• _Problem_
Run through the records and, wherever a line holds the word "featuring", return that line.

• _Recorded information_
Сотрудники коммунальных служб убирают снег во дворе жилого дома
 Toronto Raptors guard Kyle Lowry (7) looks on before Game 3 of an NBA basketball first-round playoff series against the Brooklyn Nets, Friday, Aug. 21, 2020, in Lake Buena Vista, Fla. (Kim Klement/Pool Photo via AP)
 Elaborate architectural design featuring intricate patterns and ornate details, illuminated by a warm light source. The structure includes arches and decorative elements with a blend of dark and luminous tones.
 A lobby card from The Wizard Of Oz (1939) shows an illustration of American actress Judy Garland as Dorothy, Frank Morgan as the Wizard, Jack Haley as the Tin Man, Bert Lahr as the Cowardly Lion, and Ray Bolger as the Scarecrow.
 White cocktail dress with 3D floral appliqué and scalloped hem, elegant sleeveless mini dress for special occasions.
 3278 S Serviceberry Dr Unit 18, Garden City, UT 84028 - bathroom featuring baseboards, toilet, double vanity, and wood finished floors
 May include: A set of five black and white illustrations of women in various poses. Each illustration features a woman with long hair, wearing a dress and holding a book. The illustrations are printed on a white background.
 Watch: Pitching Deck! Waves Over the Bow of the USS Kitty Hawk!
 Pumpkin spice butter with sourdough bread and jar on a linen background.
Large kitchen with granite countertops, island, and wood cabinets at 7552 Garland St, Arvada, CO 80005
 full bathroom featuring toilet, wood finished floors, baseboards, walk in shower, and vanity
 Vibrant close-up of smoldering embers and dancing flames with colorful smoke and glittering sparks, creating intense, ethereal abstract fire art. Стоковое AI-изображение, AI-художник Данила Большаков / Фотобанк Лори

• _Completed task_
 Elaborate architectural design featuring intricate patterns and ornate details, illuminated by a warm light source. The structure includes arches and decorative elements with a blend of dark and luminous tones.
 3278 S Serviceberry Dr Unit 18, Garden City, UT 84028 - bathroom featuring baseboards, toilet, double vanity, and wood finished floors
 full bathroom featuring toilet, wood finished floors, baseboards, walk in shower, and vanity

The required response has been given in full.